Several days ago modest tax cut legislation was introduced before the Idaho House Revenue and Tax Committee. House Bill 67 sailed through the committee on a 14-2 vote, with only the two Democratic members opposing the bill. Following that vote, it passed the full House with only the Democratic caucus voting in opposition.The proposed tax cut applies to businesses and individuals alike; the cost of the tax cut: just over $50 million per year.
To put that in context, the governor’s proposed fiscal year 2018 budget increases spending $290 million over the current base budget. So, essentially, the tax cut is worth only about $1 for every $5.80 in new spending. That spending growth includes a three percent merit-pay increase for state employees, and maintains their generous pension and healthcare benefits – as well as some $160 million in new discretionary spending.
To put the generosity of the budget in perspective, a single state employee currently pays $58 per month for a traditional health insurance plan, with a $350 annual deductible and an out-of-pocket maximum cost of $4,300. Similar insurance (Blue Cross Gold 500) for a small business in Idaho would cost a middle-aged employee (45 years old) $469 per month, with a $500 deductible and an out-of-pocket maximum of $5,500.
Therefore, when Democrats like Minority Leader Rep.

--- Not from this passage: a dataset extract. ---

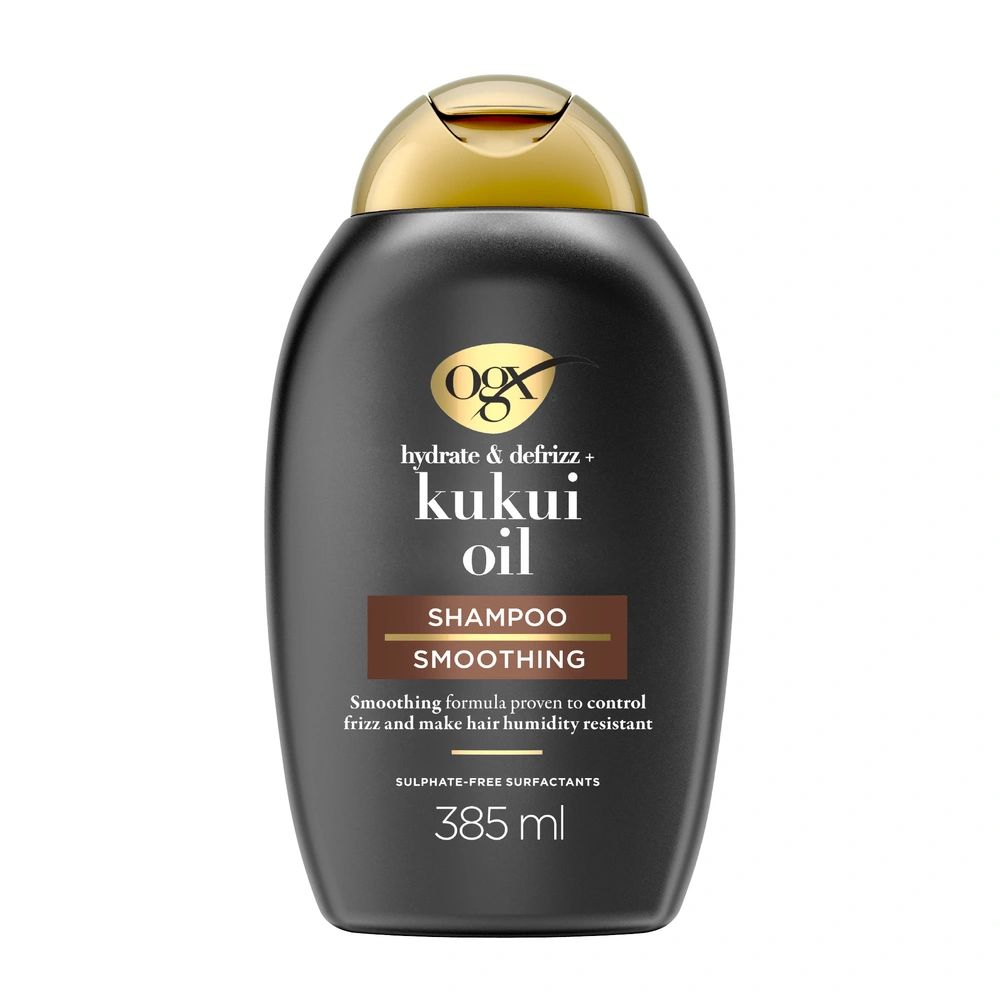 OGX Hydrate & Defrizz+ Kukui Oil Shampoo 385ml  | OGX® Beauty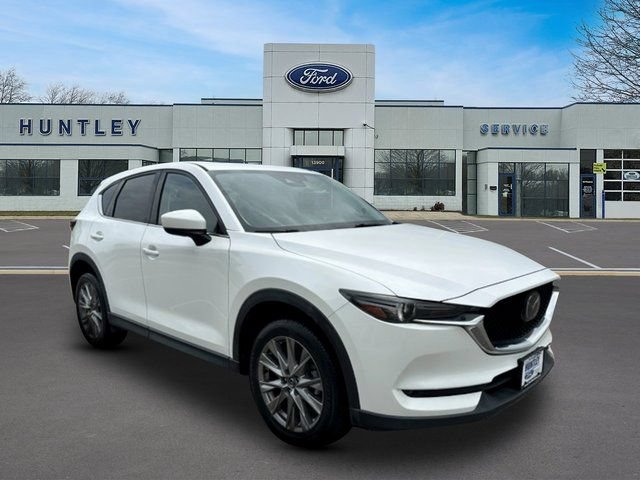 Used 2021 MAZDA CX-5 Grand Touring Reserve AWD/4WD image 3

Matt Erpelding talk about this modest tax cut being unfair, we have to agree – sort of. Our position is: The tax reduction is far too modest to be considered fair to the average taxpayer, particularly in the context of the generous spending increase Erpelding is likely to support for state agencies. In fact, based on the rhetoric emanating from the Democrats, the governor’s proposed 9 percent general fund spending increase proposal is not enough.

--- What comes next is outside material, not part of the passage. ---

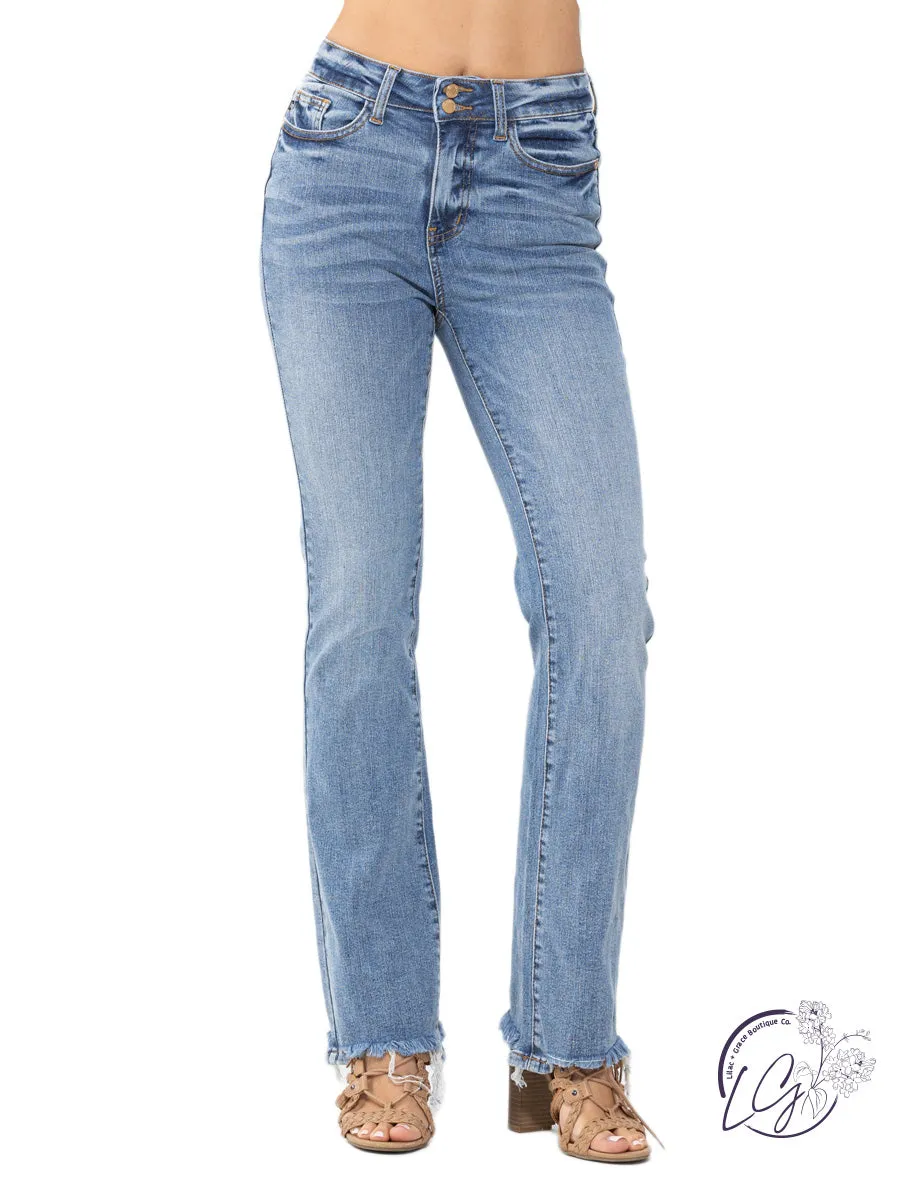 Barbara High-Rise Bootcut by Judy Blue (Mobile)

A meaningful tax cut for Idahoans is an issue of fundamental fairness, and that should be at least $100 million, double the amount proposed in House Bill 67. Remember, ordinary Idahoans don’t have the protection afforded to state employees from the shock of increasing health care premiums.

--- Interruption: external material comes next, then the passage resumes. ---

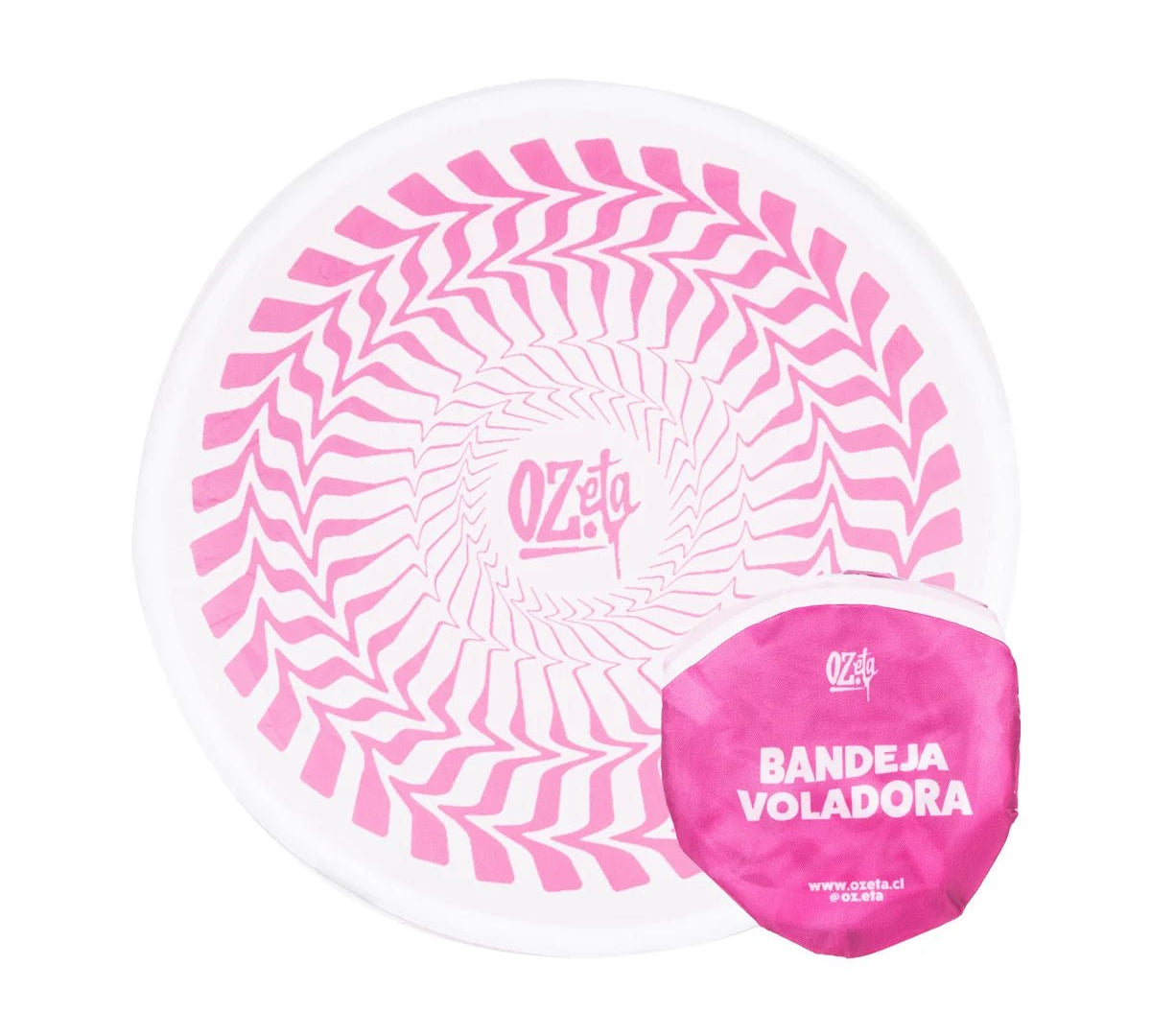 Bandeja Voladora OZeta - BaePinkBandeja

The larger issue is the increasingly marginalized policy positions taken by Democrats in the Idaho Legislature. Given that they hold only 11 of the 70 seats in the Idaho House, some reflection is in order. To simply take the position that a slight reduction of the top income-tax rate — a rate paid by the majority of filers who pay income tax — is redistributive, shows what really is at work here: Idaho Democrats favor their own form of wealth redistribution – to state agencies and state employees.
Rather than saying no to a tax cut, Idaho’s Democratic lawmakers should take House Bill 67’s tax cut and raise the offer – perhaps proposing sales tax relief. This would demonstrate a real commitment to fairness.